* [WHAT IS BEING ASKED] Strip out the pictures and output each remaining line of the data word for word.

* [DATA SHOWN]
# # # #

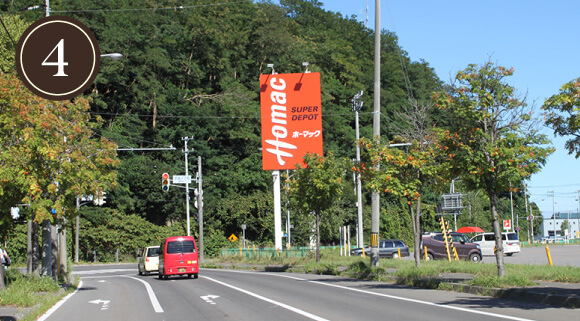 札幌方面より国道5号線を通るルート4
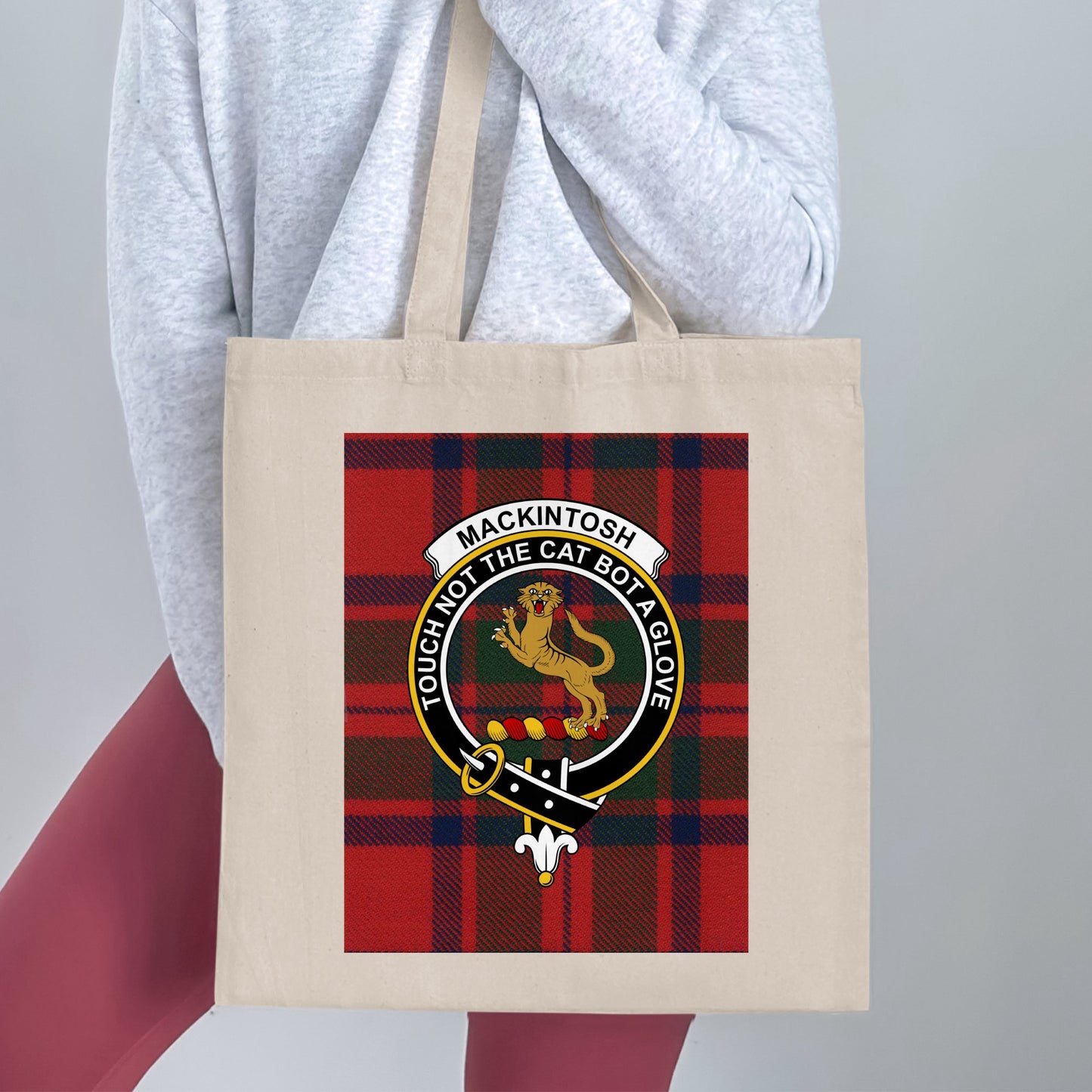 Mackintosh Scottish Clan Crest Tartan Tote Bag - Living Stone Gifts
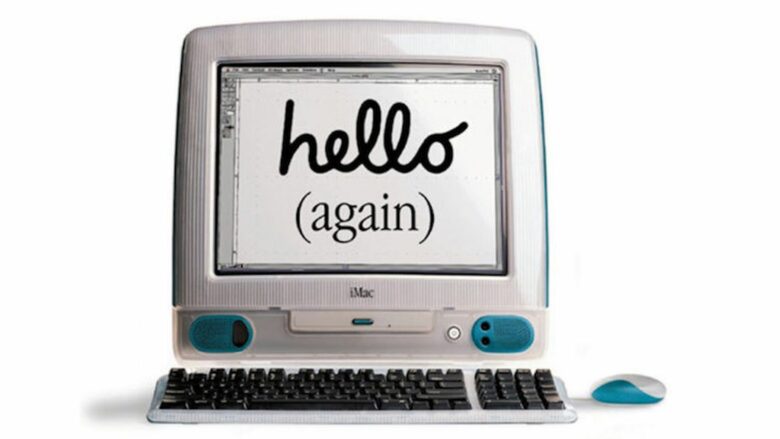 An iMac G3 with the slogan, "hello (again."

# # # #

* [SOLUTION TO THE EXERCISE]
 札幌方面より国道5号線を通るルート4
 Mackintosh Scottish Clan Crest Tartan Tote Bag - Living Stone Gifts
 An iMac G3 with the slogan, "hello (again."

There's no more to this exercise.